Events from the year 1748 in France.

Incumbents 
Monarch: Louis XV

Events
 
 
 
 April – Maastricht is conquered by Maurice de Saxe.
 April 24 – War of the Austrian Succession: A congress assembles at Aix-la-Chapelle (Aachen) with the intent to conclude the war.
 October 18 – War of the Austrian Succession: The Treaty of Aix-la-Chapelle is signed to end the war.
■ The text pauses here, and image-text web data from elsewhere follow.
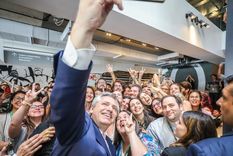 alberto fernandez destaco en 18 puntos su primer mes de gestion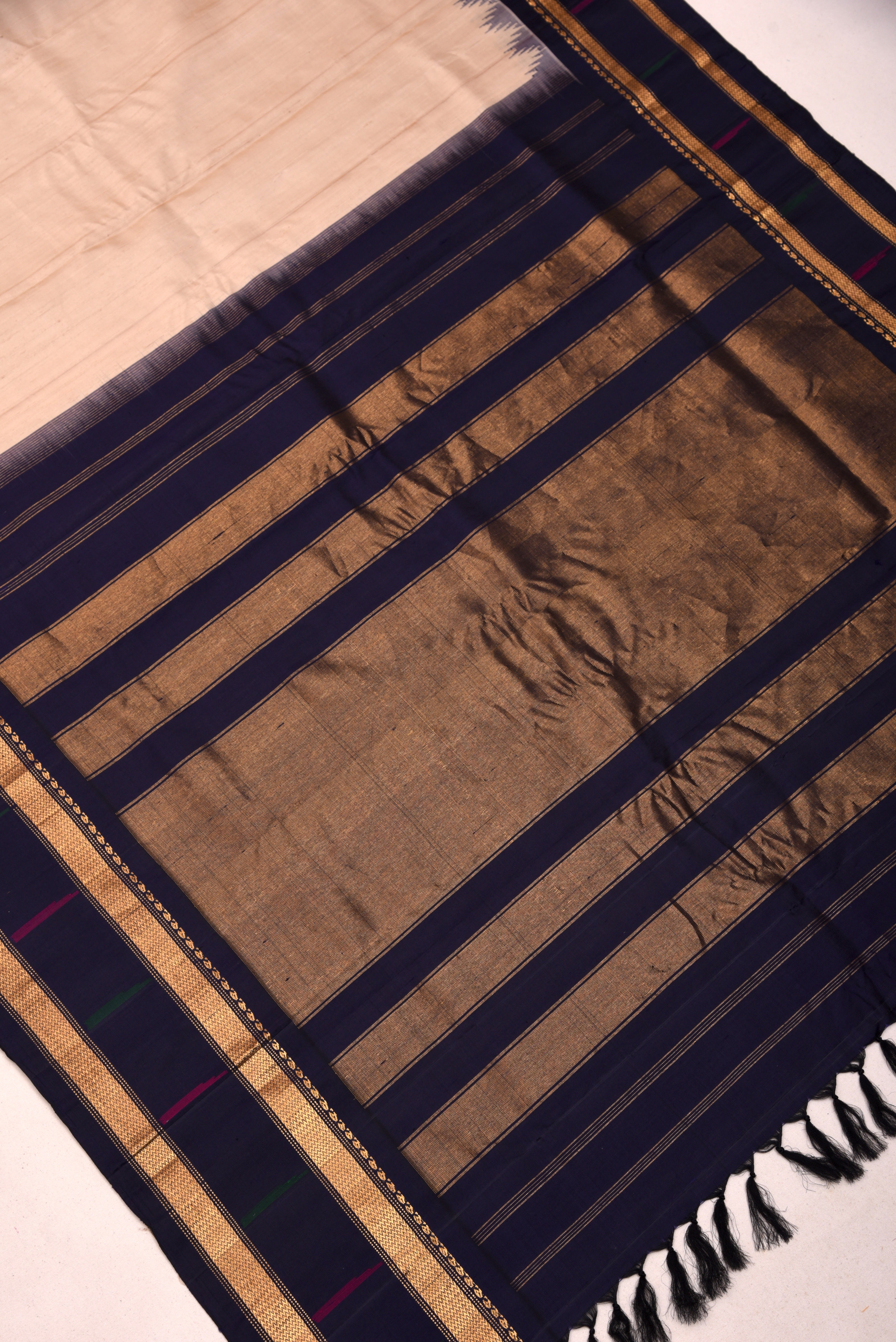 Kuttu Gadwal Silk Handloom Saree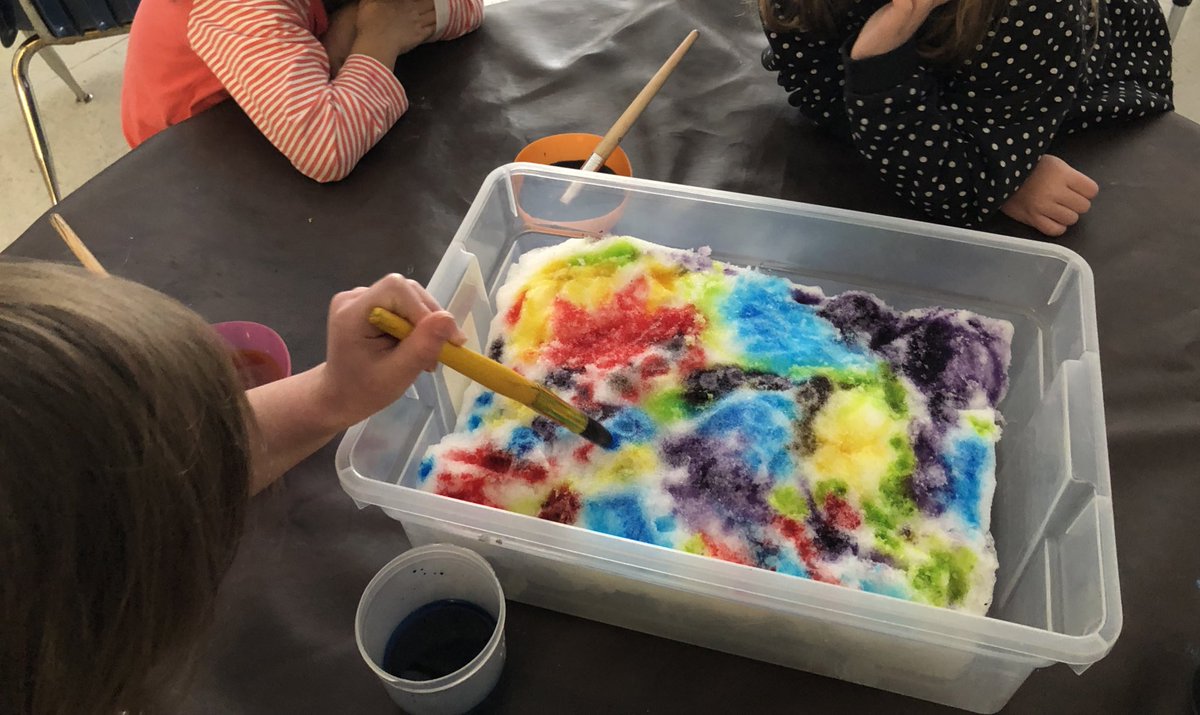 MsLaurenMax's tweet photo. We had so much fun #painting our #snow today! We used paintbrushes and food colouring to make beautiful and bright rainbow designs! @tdsb @TDSB_IRC https://t.co/xHdjHo5FEe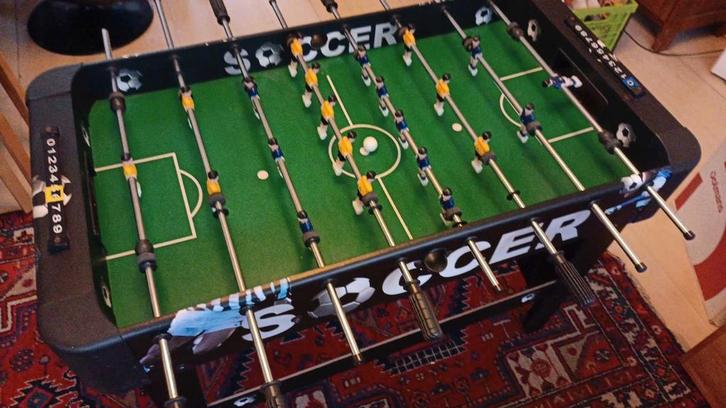 Stevig voetbaltafel (bak: 62br x 117l), Hobby en Vrije tijd, Overige Hobby en Vrije tijd, Gebruikt, Ophalen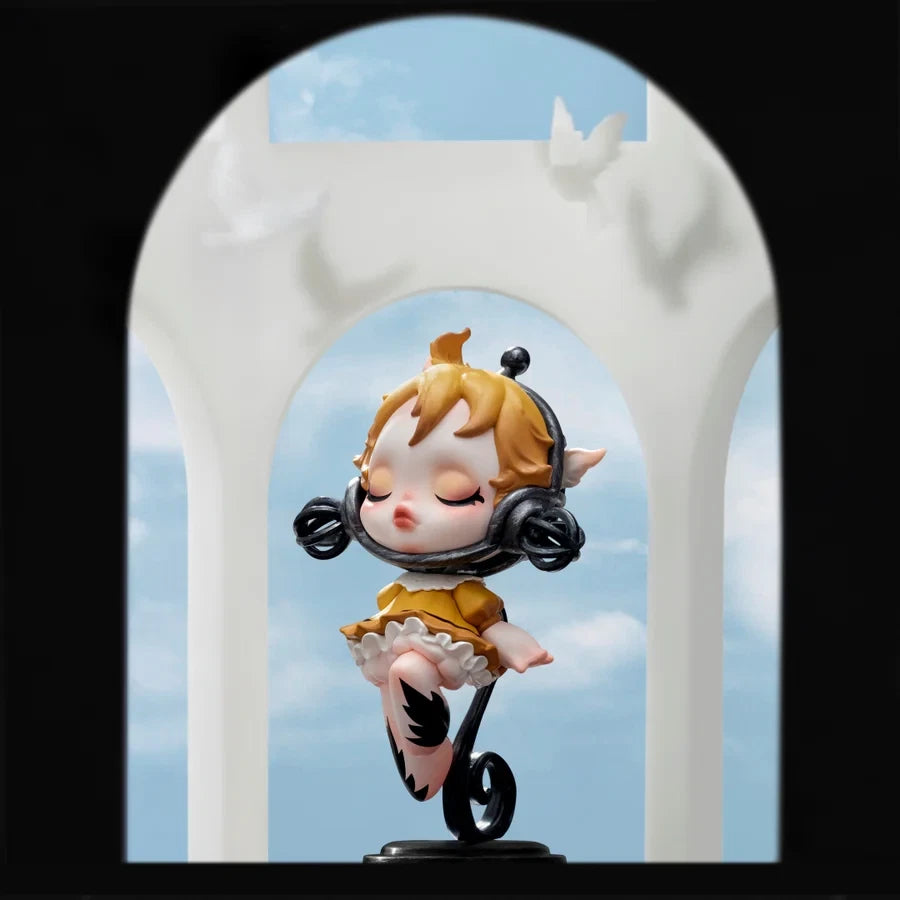 POP MART SKULLPANDA Image of Reality Series Single Blind Box (Random)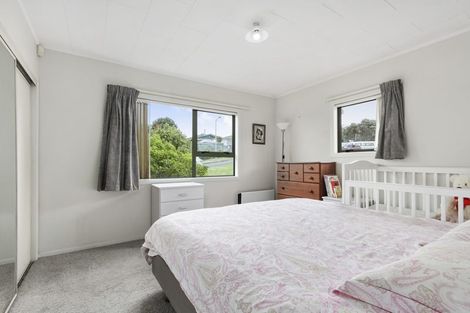 Photo of property in 14 Sari Place, Massey, Auckland, 0614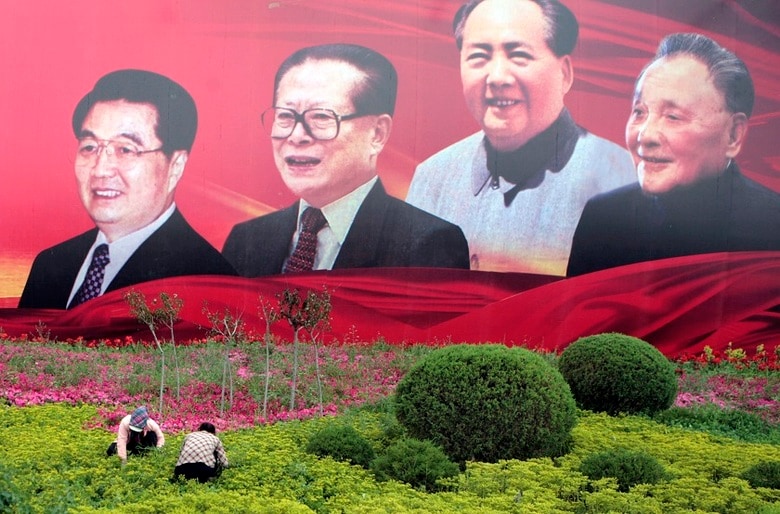 （左から）「核心」になれなかった胡錦濤、「核心」になった江沢民、毛沢東、鄧小平（畑に建てられた看板） REUTERS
Great Britain obtains Madras, in India, from France, in exchange for the fortress of Louisbourg in Canada.
 Louis XV of France authorizes a 5% income tax on every individual regardless of social status; the Parlement of Paris protests.

Births
 April 12 – Antoine Laurent de Jussieu, botanist (d. 1836)
 April 27 – Pierre-Louis Ginguené, author (d. 1815) 
 May 3 – Emmanuel Joseph Sieyès, cleric and constitutional theorist (d. 1836)
 May 7 – Olympe de Gouges, playwright and political activist (guillotined 1793)
 May 10 – Louis Jean Pierre Vieillot, ornithologist (d. 1831)
 June 30 – Jacques Dominique, comte de Cassini, astronomer (d. 1845)
 August 30 – Jacques-Louis David, historical painter (d. 1825)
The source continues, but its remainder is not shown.